Show me a church that doesn’t have a constant flow of new believers coming in, and I will show you a church that is stagnating. The church needs new believers to remind us of what it is all about. And new believers need the church to stabilize them.
When mature believers are around young believers and they see them discover for the first time what it means to know Jesus, it can revive them. It’s like the difference between going to Disneyland with adults and going with children. We see things differently as adults. But when we go to Disneyland with children, everything changes because we see it all through their eyes.
The Bible tells us “the generous soul will be made rich, and he who waters will also be watered himself” (Proverbs 11:25). New believers will replenish us. The first-century church had new believers continually coming in. As we read in Acts 2:47, “And the Lord added to the church daily those who were being saved.”
What an attractive church this was to a lost and watching world as these believers learned, loved, cared, worshiped, and prayed. They looked out for each other. As a result, the world watched and paid attention—and people came to faith.

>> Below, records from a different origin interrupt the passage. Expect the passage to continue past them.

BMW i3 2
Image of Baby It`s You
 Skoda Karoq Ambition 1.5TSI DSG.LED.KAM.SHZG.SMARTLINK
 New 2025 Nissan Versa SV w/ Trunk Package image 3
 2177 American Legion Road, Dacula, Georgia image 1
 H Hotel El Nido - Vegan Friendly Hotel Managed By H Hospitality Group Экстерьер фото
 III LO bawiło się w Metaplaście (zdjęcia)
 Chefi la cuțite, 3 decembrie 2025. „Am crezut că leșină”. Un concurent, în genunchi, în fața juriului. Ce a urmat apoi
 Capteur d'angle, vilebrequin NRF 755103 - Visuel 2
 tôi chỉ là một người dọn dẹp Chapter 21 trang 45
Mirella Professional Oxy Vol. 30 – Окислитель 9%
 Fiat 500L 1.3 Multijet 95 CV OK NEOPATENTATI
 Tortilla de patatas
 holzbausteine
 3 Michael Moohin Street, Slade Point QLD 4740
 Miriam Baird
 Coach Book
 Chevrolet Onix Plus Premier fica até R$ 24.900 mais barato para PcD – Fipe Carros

Witnessing is not just something we do; it’s something we are. Jesus said, “But you shall receive power when the Holy Spirit has come upon you; and you shall be witnesses to Me in Jerusalem, and in all Judea and Samaria, and to the end of the earth” (Acts 1:8).
There was regular, even daily, growth in the first-century church. Evangelism wasn’t a periodic event here and there. They were engaging in it continually. And every church ought to be. Every week we should be giving people an opportunity to come to Christ.